• [YOUR TASK]
Your answer must hold only the lines below from the line containing "내장지방 자가진단 테스트" through the line containing "What Causes Head", each reproduced exactly.

INPUT FOR THIS TASK START

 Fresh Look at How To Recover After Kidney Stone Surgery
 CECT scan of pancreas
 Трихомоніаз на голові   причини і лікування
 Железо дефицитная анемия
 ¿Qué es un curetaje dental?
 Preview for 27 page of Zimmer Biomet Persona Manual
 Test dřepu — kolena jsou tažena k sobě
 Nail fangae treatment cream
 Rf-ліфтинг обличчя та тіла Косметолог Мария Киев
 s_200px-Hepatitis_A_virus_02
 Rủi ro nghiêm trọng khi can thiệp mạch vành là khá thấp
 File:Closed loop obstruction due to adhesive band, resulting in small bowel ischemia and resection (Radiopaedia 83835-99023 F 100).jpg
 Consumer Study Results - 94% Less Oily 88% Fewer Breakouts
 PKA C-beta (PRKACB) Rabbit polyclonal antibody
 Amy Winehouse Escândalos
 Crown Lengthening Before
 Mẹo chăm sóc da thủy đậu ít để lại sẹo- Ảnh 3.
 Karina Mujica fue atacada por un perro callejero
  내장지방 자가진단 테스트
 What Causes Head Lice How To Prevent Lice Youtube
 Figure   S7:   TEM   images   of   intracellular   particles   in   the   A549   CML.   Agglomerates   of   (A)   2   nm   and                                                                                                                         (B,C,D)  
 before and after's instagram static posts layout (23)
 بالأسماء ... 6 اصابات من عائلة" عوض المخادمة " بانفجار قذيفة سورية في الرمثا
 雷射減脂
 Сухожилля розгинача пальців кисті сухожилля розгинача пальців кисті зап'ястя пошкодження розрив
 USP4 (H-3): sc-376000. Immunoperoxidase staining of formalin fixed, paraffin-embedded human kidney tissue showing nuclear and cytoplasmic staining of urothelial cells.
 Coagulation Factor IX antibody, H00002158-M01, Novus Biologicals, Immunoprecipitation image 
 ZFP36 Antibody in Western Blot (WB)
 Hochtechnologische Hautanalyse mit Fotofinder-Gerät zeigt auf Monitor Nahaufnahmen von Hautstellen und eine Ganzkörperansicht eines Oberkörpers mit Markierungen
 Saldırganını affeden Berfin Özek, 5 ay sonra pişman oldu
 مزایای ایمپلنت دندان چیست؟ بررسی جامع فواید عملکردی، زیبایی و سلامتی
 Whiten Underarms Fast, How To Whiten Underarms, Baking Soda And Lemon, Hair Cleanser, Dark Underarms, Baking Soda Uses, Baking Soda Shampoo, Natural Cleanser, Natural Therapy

INPUT FOR THIS TASK END

• [RESPONSE TO THIS EXERCISE]
  내장지방 자가진단 테스트
 What Causes Head Lice How To Prevent Lice Youtube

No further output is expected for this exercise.